For it seems that, just like the Abrahamic God, we are creating robots in our own image (though, as we will see, this impulse is not limited to the Abrahamic religions).
It may seem like lazy cultural stereotyping or grotesque oversimplification to say, for example, that the Japanese are more comfortable building emotional relationships with their lifelike, humanoid robots, while engineers and consumers in the US and Europe are interested in only their robots’ functionality, and tend to spurn emotional attachments.
But research conducted by scientists is demonstrating that such cultural differences do exist, and that the most important influence on the expectations and feelings that people have towards robots is religion.
Of course there are other cultural factors that one can point to in such different conceptualisations of what robots should be for and how they should be treated, but researchers from both East and West seem to be drawing the conclusion that it is the underlying outlook of different religions that is one of the greatest factors in these diverse feelings.
The thinking runs something like this: Japan, for example, is dominated by Shintoism and Buddhism. These religions are ‘animistic,’ that is, they belief that all things – including inanimate objects – contain the nature of kami, or ‘spirit’. Euro-American cultures, in contrast, dominated by Christianity, Judaism and Islam, believe that only human beings are endowed with a ‘soul‘, or spirit, and are therefore privileged amongst God’s creations.
Masahiro Mori – the Japanese roboticist that first developed the theory of the ‘uncanny valley’, and a practising Buddhist – explains in his book The Buddha in the Robot that, for Buddhists, robots and machines in general have the same Buddha-nature as any human being. The Judeo-Christian conceptualisation of creation, on the other hand, leads to a master-slave relationship between human beings and machines.
We can see how, from these radically different religious ideas, different cultural attitudes manifest themselves. Even in increasing secular societies, it seems, these religious roots run very deep. As a result, we find very different cultural expectations, for example, when it comes to the design and functions of domestic robots. When it comes to ‘look and feel’, researchers found that Americans wanted robots to be ‘modern and stylish’, as appliances about the home, like washing machines, and had no particular expectations regarding the robots’ appearance, as long as it is capable of fulfilling a certain function. American participants in the study also wished for high levels of autonomy in their robots, expecting the machines to simply get on with whatever job to which they were assigned.

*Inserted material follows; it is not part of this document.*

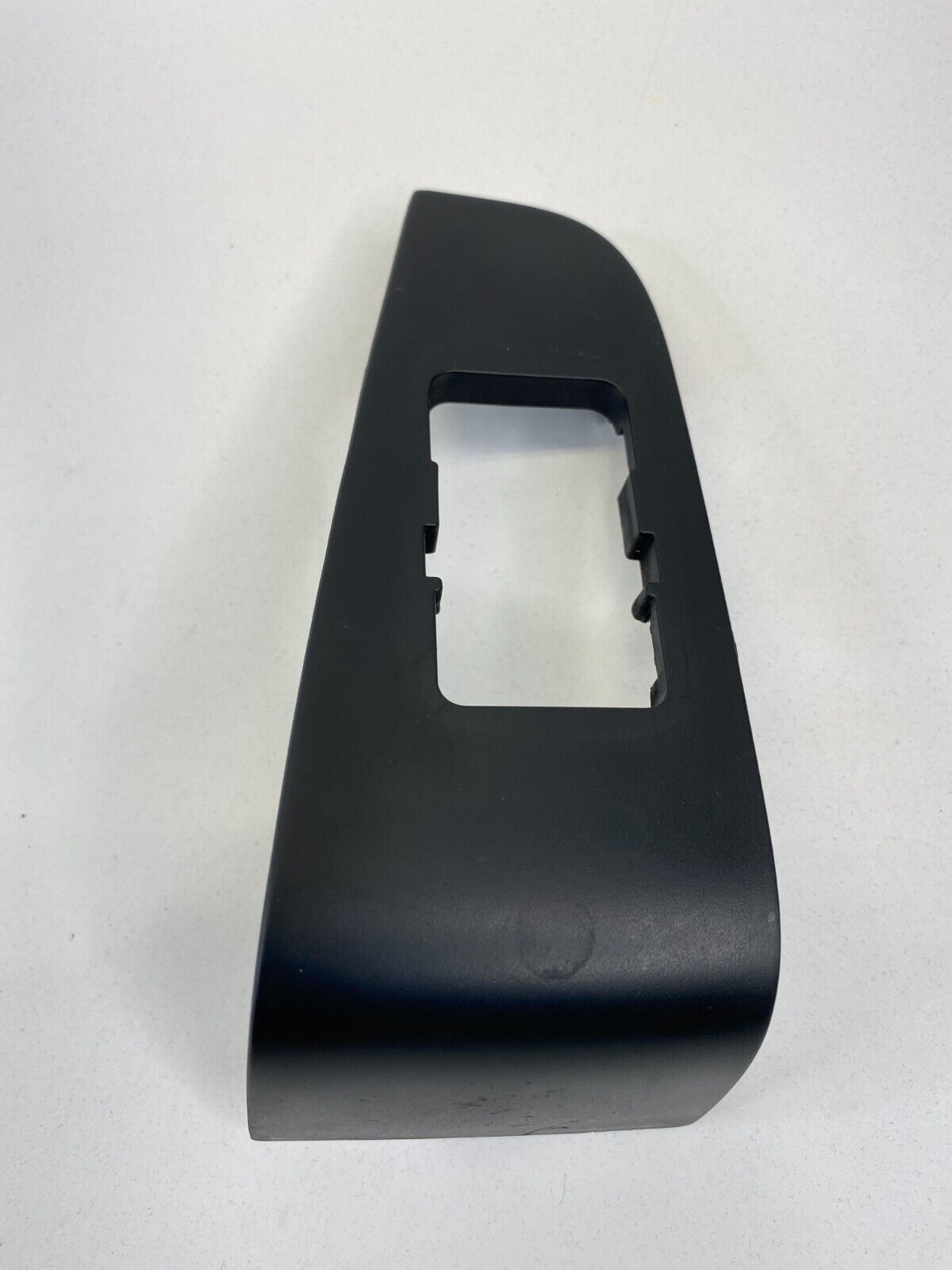 2013-2016 Dodge Dart Rear Left Side Window Switch Trim Cover Only 1VZ01TRMAA OEM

South Koreans, on the other hand, prefer domestic robots to be ‘warm, friendly and tender’, and were much more prepared to make emotional attachments to their robots; however, they also wanted their robots to be less independent – this, the researchers concluded, was because of the ideas in Korean culture (despite a significant percentage of Christians in the country) of the relatedness of things, derived from Buddhist beliefs.
Thus the researchers concluded that there are important differences between the American ‘utilitarian and independent’ expectations and those of the South Koreans, defied as ‘relational and interdependent’.

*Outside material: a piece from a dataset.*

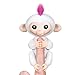 Fingerlings Baby Monkey - Finger Monkey (Green)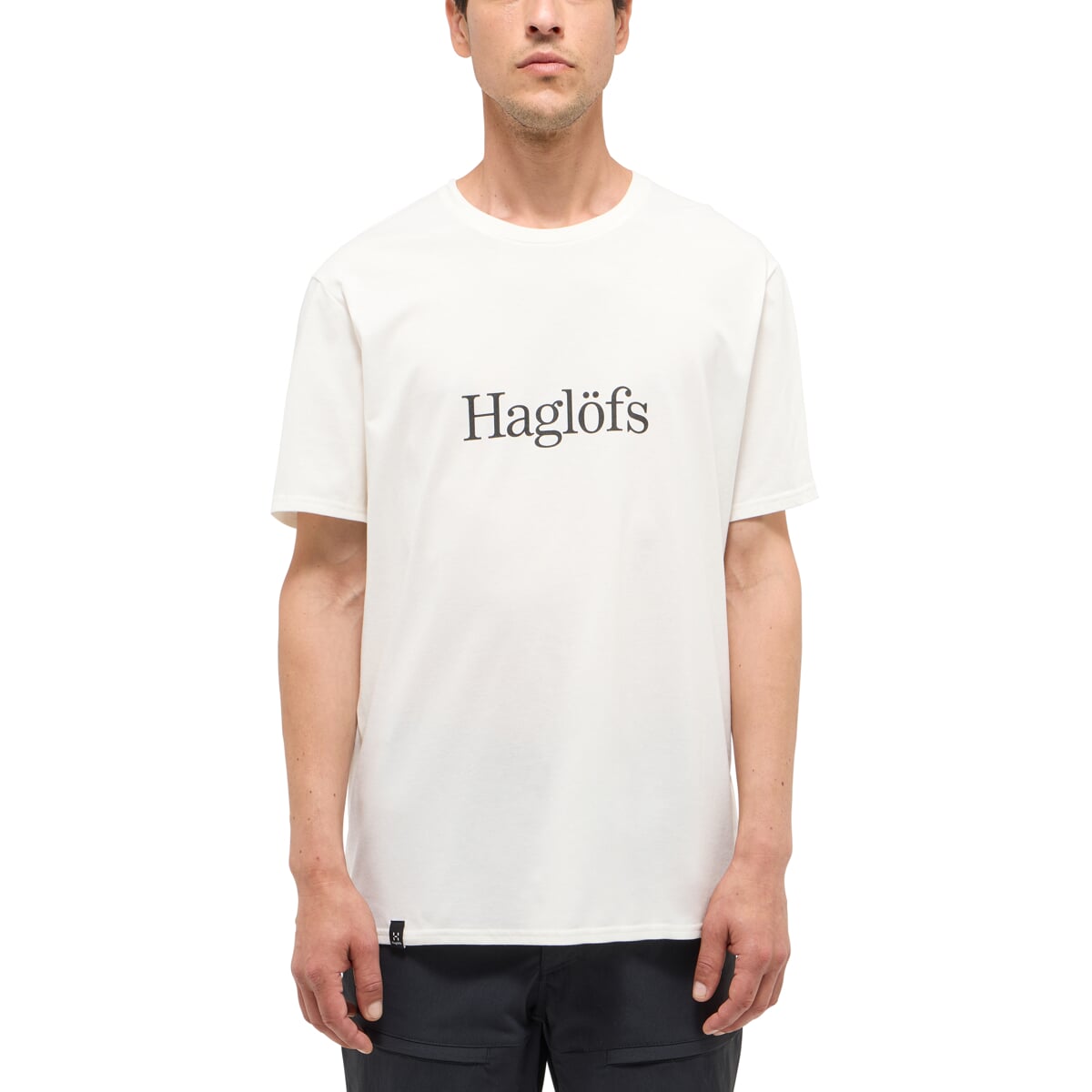 Triko Haglöfs kr.rukáv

We may rightly ask, however, whether any of this matters, these silly old superstitions. Should thousand-year-old mythologies impact upon how we design the future? For better and for worse, absolutely yes, because these expectations will play a vital role in how are robots are received. Engineers, computer scientists and designers need to pay attention to such cultural differences if we are to successfully integrate our robots in various cultures and markets.